I met Jonesy outside Entrance A and handed over the very last of my match tickets. We ascended the many flights of stairs and I then had to walk up to row 42 to reach my seat. We were four rows from the very top, along the side, opposite the royal box. My goodness, we were high up.
I was sat alongside Walnuts, Parky, Alan and Gary, friends from 1984 and onwards.
That first-half was tedious. As dire as it gets. I remember two Joe Cole efforts, lots of passing, no pace. Lots of players were slipping on the greasy surface.
The Villa fans were outsinging us. Lots more pointing and gesturing.
“Have you won a European Cup?”
“Where were you at Stamford Bridge?”
Lots and lots of empty seats…great clumps of empty seats in both Villa and Chelsea sections. The corporate areas were only 75% occupied. The FA should be proud of themselves.

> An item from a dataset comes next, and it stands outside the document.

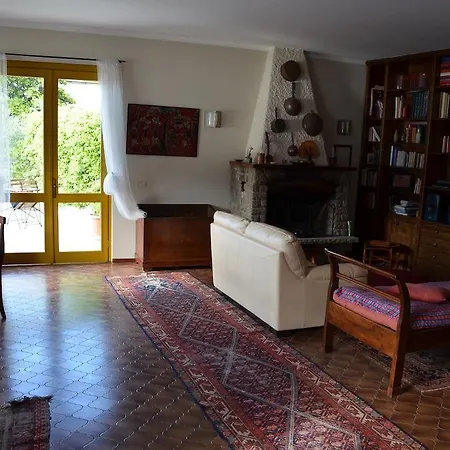 Casa Salini Bed & Breakfast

At half-time, we heard rumours of the grass being kept long in order for a Saracens rugby union game next weekend. This was met with howls of complaint…Wembley is a football stadium…why can’t club rugby be played at Twickenham? The grass was kept long but then watered in order to allow the ball to be zipped, despite the long grass, but the result was a slow game with players slipping. All for rugby game in a week’s time. Pathetic.
I noted that it wasn’t until the 51st minute that the whole Chelsea support rallied as one –
“We All Follow The Chelsea – Over Land And Sea – And Leicester
“We All Follow The Chelsea – Onto Victory.”
To be fair, I got the impression our section was trying to get the singing going, but Villa were definitely the noisiest. Memories of that hideous 2008 Carling Cup Final.
Gary was berating a few players, frustration was creeping in…he mentioned the quoted Ancelotti game plan of waiting until Villa tire on about the 70th minute.
Well – game plan or not – it worked.
Goals from Didier Drogba ( how he loves Wembley ), Florent Malouda ( his second Wembley goal ) and Frank Lampard ( how he loves Wembley – his third Wembley goal ) gave us a 3-0 win in those last tewnty minutes. The first was a poke in from close range after a corner, the second was from the best move of the game and a sublime Ballack cross, the last one a classic Frank finish, cooly finding time for an extra touch before blasting home. The Villa support was silent after Didier’s goal and swathes of their support departed after Malouda’s. However, a few thousand Chelsea decided to leave at 2-0 too.
You can imagine my views on this. The five stalwarts in Row 42 glowered at those who “excuse me’d” past us.
It was a poor game, but we deserved to win it. The realisation of us getting to another FA Cup Final hit home and I was loving it. A few team photos, everyone happy. Parky and myself slowly walked down to the front rows of the upper tier and took a few cheesey photos of each other, bathing in the early London evening sun. We were some of the very last to leave.
We bumped into Steve, Ashley and James ( 8-0! ) outside and the usual hugs and kisses.
The line for the train was long, but the time soon passed. By 8.15pm, we were back in The Duke Of York, where the post party was in full flow. I was gasping for a drink and chose a couple of double G and Ts for a change.
Rob was tucking into some nachos, Parky was hopping about, guzzling some Staropramen, plans were being made for The Final. The texts had been arriving too…”see you for the final,” “can you get me a ticket?”, “where are we sitting?” We spoke of The Double.
Good times, everyone, good times.
We got back in plenty of time to catch the 9.30pm from Paddington. A couple of Villa fans were singing…I said to one –
“You outsung us, but we outplayed you.”
“Fair comment mate.”
Parky still had time to have an altercation with a trappy Millwall fan on the platform. Oh well. The mood was of quiet euphoria on the return back to Wiltshire…one more G and T, a chat with two Newcastle United fans who had been to Toon Town…Chelsea and Villa mingling in the buffet.
It had been a long day, but start making plans for Saturday 15th. May.